Toyota’s North American CEO, Jim Lentz, predicted back in 2009 that by 2020 the world would hit peak oil—the idea that the world’s demand for oil would exceed the world’s supply of oil. And since we’ve officially entered the year 2020, it feels like an appropriate time to look at whether his prediction was correct. Spoiler alert: It wasn’t.
“I think there’s no question, oil is going to be more expensive,” Lentz said at the Commonwealth Club of California in San Francisco on November 17, 2009. “Our model on future energy, is that we will probably see peak oil sometime around the end of the next decade. So whether it’s 2017 or 2020, it’s going to be some time in that neighborhood.”
Lentz went on to say that Toyota is trying to shift its production to other types of fuel while noting that he believes natural gas is likely to peak around 2050. Lentz, who at the time was president and COO of Toyota Motor Sales, also said that fuel cells were “a long way down the road.”
“But that’s our view on oil. We have about 10, 12 years left,” Lentz said.
But, as you might have guessed, peak oil just didn’t happen. In 2010, the inflation-adjusted price of oil was $82.54 a barrel. And in 2019, the price was just $46.25. The price of oil has actually fallen since 2010, and you don’t really hear people talking about peak oil anymore. Why? Because we’ve gotten really good at finding new reserves of oil and extracting harder-to-reach oil through technologies like fracking. And with or without peak oil, continuing to use fossil fuels will spell the end of a habitable planet.
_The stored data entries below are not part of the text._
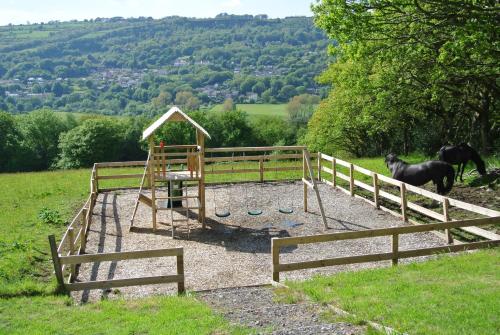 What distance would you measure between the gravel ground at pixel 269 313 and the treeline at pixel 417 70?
832 cm

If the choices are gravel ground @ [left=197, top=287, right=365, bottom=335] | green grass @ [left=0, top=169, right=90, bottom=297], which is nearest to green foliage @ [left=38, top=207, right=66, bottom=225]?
green grass @ [left=0, top=169, right=90, bottom=297]

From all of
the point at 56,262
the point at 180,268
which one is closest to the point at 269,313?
the point at 180,268

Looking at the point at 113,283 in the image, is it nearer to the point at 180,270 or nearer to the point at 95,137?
the point at 180,270

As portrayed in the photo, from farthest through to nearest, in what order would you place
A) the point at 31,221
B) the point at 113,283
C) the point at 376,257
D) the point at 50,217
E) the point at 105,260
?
the point at 50,217 < the point at 31,221 < the point at 376,257 < the point at 113,283 < the point at 105,260

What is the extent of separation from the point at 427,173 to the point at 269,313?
10.8 metres

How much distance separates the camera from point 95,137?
197 ft

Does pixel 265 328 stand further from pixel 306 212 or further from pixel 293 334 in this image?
pixel 306 212

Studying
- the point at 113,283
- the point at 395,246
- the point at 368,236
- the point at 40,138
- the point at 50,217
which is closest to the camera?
the point at 113,283

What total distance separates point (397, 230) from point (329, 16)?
6688mm

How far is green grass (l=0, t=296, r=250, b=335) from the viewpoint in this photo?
8.05 m

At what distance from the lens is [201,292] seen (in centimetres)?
1070

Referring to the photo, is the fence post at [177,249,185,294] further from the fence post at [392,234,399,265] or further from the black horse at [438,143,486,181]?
the black horse at [438,143,486,181]

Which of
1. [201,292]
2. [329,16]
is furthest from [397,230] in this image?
[329,16]

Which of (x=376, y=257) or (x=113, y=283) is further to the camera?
(x=376, y=257) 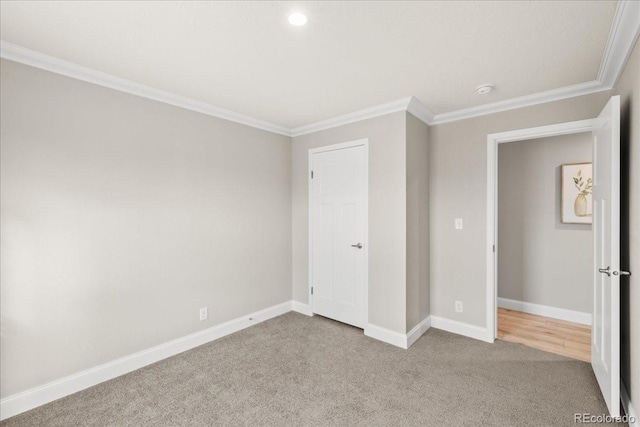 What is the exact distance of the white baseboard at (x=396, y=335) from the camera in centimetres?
305

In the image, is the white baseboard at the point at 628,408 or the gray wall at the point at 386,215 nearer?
the white baseboard at the point at 628,408

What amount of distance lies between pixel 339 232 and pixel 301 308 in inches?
45.7

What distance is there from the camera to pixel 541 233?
3.93 meters

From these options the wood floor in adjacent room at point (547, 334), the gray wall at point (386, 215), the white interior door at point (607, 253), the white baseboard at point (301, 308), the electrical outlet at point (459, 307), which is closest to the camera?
the white interior door at point (607, 253)

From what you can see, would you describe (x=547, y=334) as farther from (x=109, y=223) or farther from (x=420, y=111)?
(x=109, y=223)

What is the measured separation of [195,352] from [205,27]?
8.80 ft

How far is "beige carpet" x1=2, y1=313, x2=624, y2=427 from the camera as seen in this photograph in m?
2.04

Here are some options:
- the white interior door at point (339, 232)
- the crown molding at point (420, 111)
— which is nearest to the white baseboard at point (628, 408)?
the white interior door at point (339, 232)

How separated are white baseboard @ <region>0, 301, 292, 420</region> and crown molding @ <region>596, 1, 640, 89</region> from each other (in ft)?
12.4

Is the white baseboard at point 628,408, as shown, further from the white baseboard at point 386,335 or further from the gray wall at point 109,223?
the gray wall at point 109,223

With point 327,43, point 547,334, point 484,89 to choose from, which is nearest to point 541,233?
point 547,334

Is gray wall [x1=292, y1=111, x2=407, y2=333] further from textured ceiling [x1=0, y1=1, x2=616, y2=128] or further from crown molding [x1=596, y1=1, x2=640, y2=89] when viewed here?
crown molding [x1=596, y1=1, x2=640, y2=89]

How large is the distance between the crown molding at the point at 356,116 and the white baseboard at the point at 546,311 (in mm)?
3007

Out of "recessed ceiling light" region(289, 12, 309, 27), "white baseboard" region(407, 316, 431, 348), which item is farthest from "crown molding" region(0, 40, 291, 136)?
"white baseboard" region(407, 316, 431, 348) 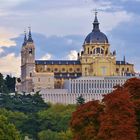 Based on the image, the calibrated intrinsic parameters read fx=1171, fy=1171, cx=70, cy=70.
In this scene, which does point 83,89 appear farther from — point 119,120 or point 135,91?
point 119,120

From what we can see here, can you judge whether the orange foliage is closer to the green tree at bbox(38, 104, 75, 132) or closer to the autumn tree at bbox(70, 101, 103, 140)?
the autumn tree at bbox(70, 101, 103, 140)

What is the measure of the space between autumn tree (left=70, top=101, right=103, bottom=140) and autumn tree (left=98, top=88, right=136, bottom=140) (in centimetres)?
171

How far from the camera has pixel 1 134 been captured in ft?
249

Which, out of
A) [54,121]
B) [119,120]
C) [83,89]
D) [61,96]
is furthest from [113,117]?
[83,89]

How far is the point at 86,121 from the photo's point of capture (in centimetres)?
6362

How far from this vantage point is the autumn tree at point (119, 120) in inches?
2339

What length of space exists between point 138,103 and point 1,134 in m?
16.5

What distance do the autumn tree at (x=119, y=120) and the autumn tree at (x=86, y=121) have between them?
1.71m

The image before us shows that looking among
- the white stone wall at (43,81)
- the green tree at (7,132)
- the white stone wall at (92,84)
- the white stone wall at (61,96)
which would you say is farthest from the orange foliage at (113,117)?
the white stone wall at (43,81)

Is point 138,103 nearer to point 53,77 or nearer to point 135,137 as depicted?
point 135,137

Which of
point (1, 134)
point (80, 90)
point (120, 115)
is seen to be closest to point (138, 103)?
point (120, 115)

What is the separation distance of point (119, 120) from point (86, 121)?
4068 mm

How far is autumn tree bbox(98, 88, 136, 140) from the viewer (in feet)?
195

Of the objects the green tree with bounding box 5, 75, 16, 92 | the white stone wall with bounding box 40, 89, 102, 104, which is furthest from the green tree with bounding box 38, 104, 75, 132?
the green tree with bounding box 5, 75, 16, 92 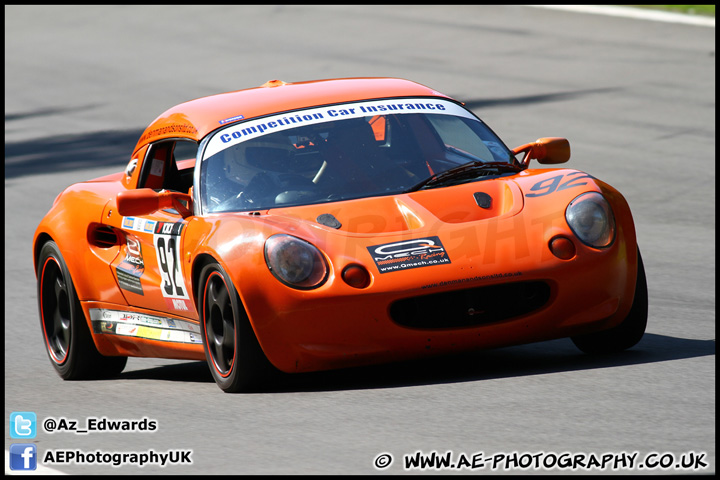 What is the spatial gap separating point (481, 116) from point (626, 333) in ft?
32.4

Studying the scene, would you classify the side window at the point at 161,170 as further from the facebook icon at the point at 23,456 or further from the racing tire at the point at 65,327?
the facebook icon at the point at 23,456

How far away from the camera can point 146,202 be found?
6410 millimetres

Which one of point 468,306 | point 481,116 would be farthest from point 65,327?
point 481,116

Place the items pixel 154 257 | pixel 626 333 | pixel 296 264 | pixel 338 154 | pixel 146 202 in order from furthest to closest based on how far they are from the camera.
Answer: pixel 154 257 → pixel 338 154 → pixel 146 202 → pixel 626 333 → pixel 296 264

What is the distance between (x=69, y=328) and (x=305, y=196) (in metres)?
1.96

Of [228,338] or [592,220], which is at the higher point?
[592,220]

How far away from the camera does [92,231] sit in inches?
289

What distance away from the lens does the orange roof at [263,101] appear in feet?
22.7

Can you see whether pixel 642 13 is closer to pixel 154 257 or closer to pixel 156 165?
pixel 156 165

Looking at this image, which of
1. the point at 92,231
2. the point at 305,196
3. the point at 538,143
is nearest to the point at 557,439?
the point at 305,196

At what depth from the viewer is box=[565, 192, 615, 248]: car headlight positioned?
5.91 meters

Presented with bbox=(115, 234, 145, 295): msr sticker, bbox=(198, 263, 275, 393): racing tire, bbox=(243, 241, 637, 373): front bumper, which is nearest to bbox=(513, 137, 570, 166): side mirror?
bbox=(243, 241, 637, 373): front bumper

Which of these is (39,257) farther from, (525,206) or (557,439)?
(557,439)

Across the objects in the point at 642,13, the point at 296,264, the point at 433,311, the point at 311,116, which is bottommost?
the point at 642,13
Back in the 20th century, many people were obsessed with the concept of “peak oil.” In 1909, some people predicted that we only had roughly 25-30 years of oil left. And those same predictions proliferated for a century.
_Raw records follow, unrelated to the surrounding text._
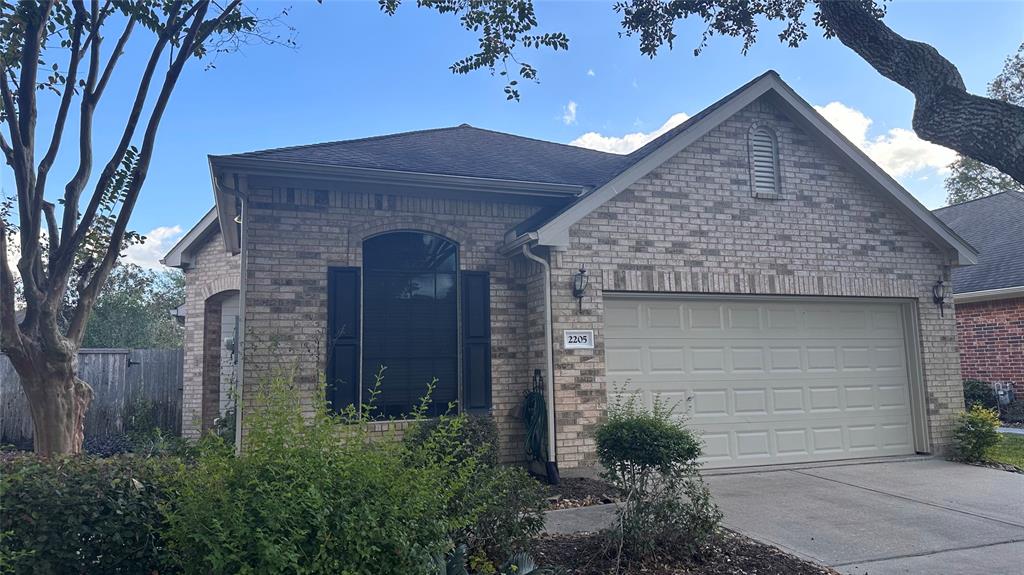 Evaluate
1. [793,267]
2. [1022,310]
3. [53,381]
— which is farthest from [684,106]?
[53,381]

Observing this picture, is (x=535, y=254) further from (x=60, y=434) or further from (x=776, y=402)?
(x=60, y=434)

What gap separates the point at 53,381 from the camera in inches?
272

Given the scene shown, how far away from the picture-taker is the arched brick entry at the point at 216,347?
43.0ft

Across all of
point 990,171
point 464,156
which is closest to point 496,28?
point 464,156

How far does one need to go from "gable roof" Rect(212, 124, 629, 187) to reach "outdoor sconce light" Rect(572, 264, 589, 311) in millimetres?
1438

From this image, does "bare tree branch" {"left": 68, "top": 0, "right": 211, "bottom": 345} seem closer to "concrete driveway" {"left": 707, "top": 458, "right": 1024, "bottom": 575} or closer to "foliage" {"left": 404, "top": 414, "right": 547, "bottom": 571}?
"foliage" {"left": 404, "top": 414, "right": 547, "bottom": 571}

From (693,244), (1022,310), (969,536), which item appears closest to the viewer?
(969,536)

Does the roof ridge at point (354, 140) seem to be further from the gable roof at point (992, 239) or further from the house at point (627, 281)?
the gable roof at point (992, 239)

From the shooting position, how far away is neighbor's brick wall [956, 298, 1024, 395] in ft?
48.5

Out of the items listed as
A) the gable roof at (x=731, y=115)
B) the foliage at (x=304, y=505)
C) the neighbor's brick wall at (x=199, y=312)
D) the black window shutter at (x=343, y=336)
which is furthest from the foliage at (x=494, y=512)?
the neighbor's brick wall at (x=199, y=312)

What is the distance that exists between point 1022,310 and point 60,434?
17.4 metres

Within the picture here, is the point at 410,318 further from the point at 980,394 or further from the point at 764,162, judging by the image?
the point at 980,394

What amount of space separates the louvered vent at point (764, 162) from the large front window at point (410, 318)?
442cm

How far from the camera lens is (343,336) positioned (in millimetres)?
8164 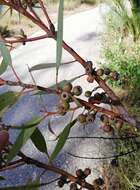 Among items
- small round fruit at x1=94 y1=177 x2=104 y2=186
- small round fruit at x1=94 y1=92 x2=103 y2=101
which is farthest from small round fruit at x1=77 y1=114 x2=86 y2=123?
small round fruit at x1=94 y1=177 x2=104 y2=186

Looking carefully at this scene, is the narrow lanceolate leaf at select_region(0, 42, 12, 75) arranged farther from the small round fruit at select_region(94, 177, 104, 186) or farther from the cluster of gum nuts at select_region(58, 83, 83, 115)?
the small round fruit at select_region(94, 177, 104, 186)

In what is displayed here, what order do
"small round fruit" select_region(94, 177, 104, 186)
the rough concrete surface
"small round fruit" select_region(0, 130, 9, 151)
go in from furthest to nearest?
the rough concrete surface, "small round fruit" select_region(94, 177, 104, 186), "small round fruit" select_region(0, 130, 9, 151)

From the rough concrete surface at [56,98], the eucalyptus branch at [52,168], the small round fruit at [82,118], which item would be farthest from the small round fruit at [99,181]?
the rough concrete surface at [56,98]

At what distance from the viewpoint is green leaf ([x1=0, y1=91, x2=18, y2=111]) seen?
74 centimetres

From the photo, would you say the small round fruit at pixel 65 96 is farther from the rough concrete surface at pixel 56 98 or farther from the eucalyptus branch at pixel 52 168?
the rough concrete surface at pixel 56 98

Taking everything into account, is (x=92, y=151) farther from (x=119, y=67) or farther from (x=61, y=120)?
(x=119, y=67)

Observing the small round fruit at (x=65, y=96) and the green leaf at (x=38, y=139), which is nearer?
the small round fruit at (x=65, y=96)

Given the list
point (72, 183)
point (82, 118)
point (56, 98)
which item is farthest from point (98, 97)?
point (56, 98)

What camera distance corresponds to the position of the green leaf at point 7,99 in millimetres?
744

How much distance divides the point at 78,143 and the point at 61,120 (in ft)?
1.31

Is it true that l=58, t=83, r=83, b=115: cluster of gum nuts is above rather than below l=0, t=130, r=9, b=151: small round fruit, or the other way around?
above

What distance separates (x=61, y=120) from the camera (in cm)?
409

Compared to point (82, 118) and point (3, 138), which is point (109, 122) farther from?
point (3, 138)

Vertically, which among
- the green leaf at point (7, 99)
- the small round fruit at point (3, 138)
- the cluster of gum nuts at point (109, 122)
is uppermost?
the small round fruit at point (3, 138) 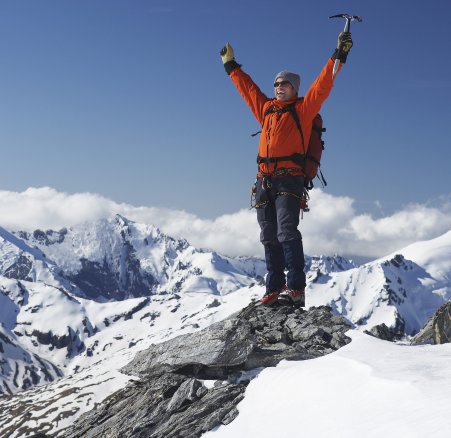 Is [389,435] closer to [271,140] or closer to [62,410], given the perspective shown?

- “A geologist stuck a figurative dipstick into the United States’ oil supplies Tuesday and estimated that the country may be dry in 10 years.” — August 3, 1966, Brandon Sun (Brandon, Manitoba)
- “At any rate, U.S. oil supplies will last only 20 years. Foreign supplies will last 40 or 50 years, but are increasingly dependent upon world politics.” — May 1972 Bulletin of the Atomic Scientists
- “Unfortunately, oil production will likely peak by 2020 and start declining.” — 1996, Richard Smalley, Nobel Laureate in Chemistry
- “Global supplies of crude oil will peak as early as 2010 and then start to decline, ushering in an era of soaring energy prices and economic upheaval — or so said an international group of petroleum specialists meeting Friday.” — May 25, 2002, Index Journal (Greenwood, SC)
The concept of “peak oil” is not the reason to get rid of our dependence on fossil fuels and the internal combustion engine. We simply need to ditch oil because it’s killing our habitable climate and hundreds of thousands of Earth’s species.
If you’re about to point out that Lentz was wrong about peak oil, so maybe the scientists are wrong about climate change, I need to stop you right there. Because climate change isn’t a problem for the future. It’s something we can see right now and absolutely no predictive powers are necessary.
The world is unquestionably in the middle of a dire climate crisis. All you need to do is look at Australia, where the country is setting heat records, bushfires are raging, and towns are being evacuated by the military. At least seven people have died from the fires in the past day and dozens more are missing. An estimated 500 million wild animals have died, and the capital city of Canberra currently has the worst air quality of any city in the world. An elderly woman got off the plane in the Canberra today and died of respiratory failure, reportedly because the smoke blanketing the city was so bad.
Australia is bad and getting worse, and the world should start to take notice.
It’s entirely possible that we could hit peak oil within the next few decades. But the question of peak oil is beside the point. Lentz may have been wrong about his prediction, but hopefully, his inaccurate prediction at least lit a fire under Toyota’s ass to start taking alternative energy more seriously.
If humanity doesn’t get off fossil fuels, the planet will be so intolerable that few people will want to be alive, let alone driving their vehicles (gas-powered or otherwise) all over the place. Again, all you need to do is look at Australia. The rest of the world is getting a glimpse of the future right now in the land down under. And it’s not pretty.